North Carolina
Nancy Franklin, Principal of Franklin Solutions, collaborates with leaders of higher education, government, and business to facilitate strategic partnerships, innovation initiatives, talent development, agile planning, and program creation. Previously, she led strategic initiatives in community-university engagement, academic pathway development, STEM capacity-building, and integrating technology into teaching and learning at Virginia Tech, Penn State, and Indiana State University after an early career with IBM and ROLM. Nancy has been inducted into the Academy of Community Engagement Scholars, is a member of the Strategic Doing Faculty, and is the author of more than a dozen publications. She holds a doctorate in Higher Education Management from the University of Pennsylvania, a master’s from Virginia Tech, and a bachelor’s degree from Bucknell University.
Tim Franklin, Ph.D., serves as Principal and co-Founder at Franklin Solutions (FS), which he rejoined full-time following his recent retirement from a 25+-year career as an innovating senior university leader/administrator that included many regional, state, and national recognitions for his projects and work. At FS, he translates this leadership experience into client value.
Franklin is an expert in higher education policy, experienced strategic planner, credentialed Strategic Doing Fellow and Workshop Leader, as well as bringing a history of starting new endeavors, including serving on the Strategic Doing Institute’s Core Team, which supports SDI’s ongoing development. Tim’s achievements include substantial contributions in founding, designing, advocating, and building two market-facing, special purpose institutions focused on technology development and economic growth. The New Jersey Innovation Institute (NJII) and Institute for Advanced Learning and Research (IALR) represent two successful national models, one confronting urban challenges and the other rural. Both leverage the strengths of polytechnic research universities (NJIT and Virginia Tech, respectively) through organizational interfaces designed around applied research, innovation labs, and a comprehensive set of related educational programs and outreach services. Franklin led these intermediary organizations from start-up through institutional growth of more than 125 employees (both) and $85M+ in annual operating expenditures (NJII).
Previously, Franklin held leadership positions at Virginia Tech, Penn State, Indiana State University, and New Jersey Institute of Technology, all of which focused on strategic change and partnerships.
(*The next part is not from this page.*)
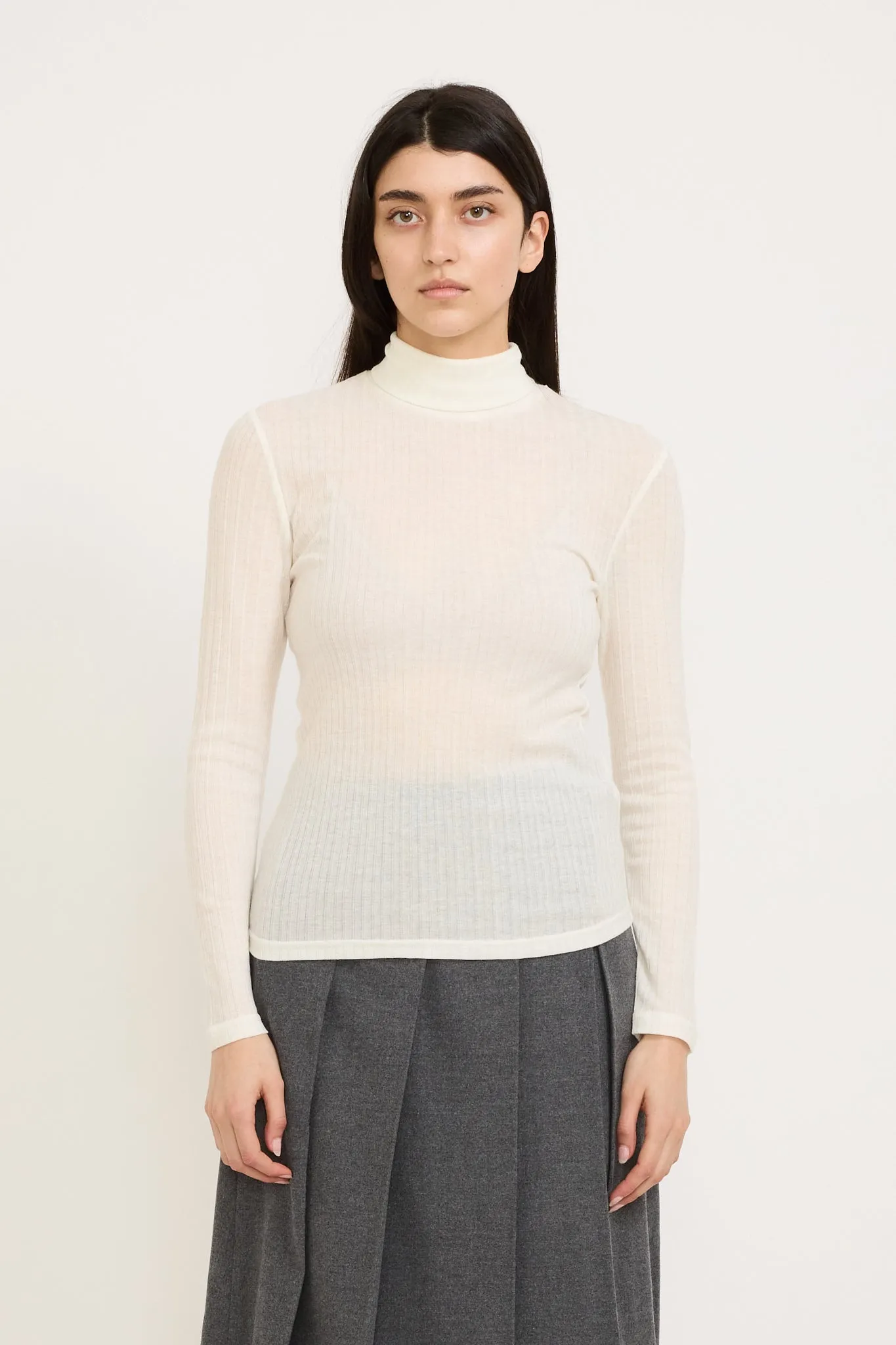 Assia Top Off White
Franklin’s responsibilities have included strategic planning, government relations, policy analysis and advocacy, strategic initiatives, fostering institutional-scale programs, fund development, leading public and private partnerships, hiring institutional staff, and articulating programs to advance the University’s economic engagement and research missions. Franklin has strategically aligned numerous partnerships between higher education, community, industry, and government focused on delivering notable regional, cluster, and technology development impact. He has obtained funding for, developed staffing, and led/overseen numerous economic and workforce development programs. Franklin founded and led TRE Networks, Inc., a non-profit organization of leading national organizations and universities dedicated to advancing the role of research universities in transformative regional engagement (TRE) efforts.
Franklin brings skills and a reputation:
· As an incisive strategist, catalyzer of constructive change, and author of messages leading to trust in and commitment to new endeavors,
· As a master collaborator and team builder in both his internal and external relationships,
· For his vision, leadership, and skills in competitive contexts,
· For building talented, high-performing work teams, whose discretionary efforts make ambitious strategic goals achievable,
· For innovation and creative solutions in confronting complex, messy problems,
· For mastering the technical and policy subjects at the core of his efforts, and
· As a builder and for starting new endeavors.
Janet Holston credits her entrepreneurial mindset and love of new ideas to a diverse career spanning municipal government, business consulting and higher education. She began her career as an urban planner and city housing department director in South Bend, Indiana. After moving to Phoenix, Arizona she owned a consultancy focused on strategic planning, grants and project services for entrepreneurs. She was a longtime board member of the National Association of Women Business Owners (NAWBO) in Phoenix where she helped reestablish NAWBO’s Women’s Enterprise Foundation and created its grantmaking program. In 2005, she was invited to join Arizona State University (ASU) and spent over a decade as part of its dynamic leadership, first working in research administration and development to start up a new research center and in economic development leading cross-disciplinary grant proposal development. Later, she served as strategist, administrator and liaison in the ASU Foundation and ASU President’s Office on a range of new projects and partnerships in art and design, community and economic development, health and higher education. Most recently at UNC-Chapel Hill she worked with the School of Government on new initiatives and with Innovate Carolina as a social innovation task force and Innovate Carolina Network member. Born and raised in North Carolina and Virginia, Janet has a bachelor’s degree in urban planning from Virginia Tech and an MBA from Arizona State University. She was a longtime evaluator and juror for the University Economic Development Association (UEDA) Awards of Excellence program and a founding member of the National Association of Research Development Professionals (NORDP).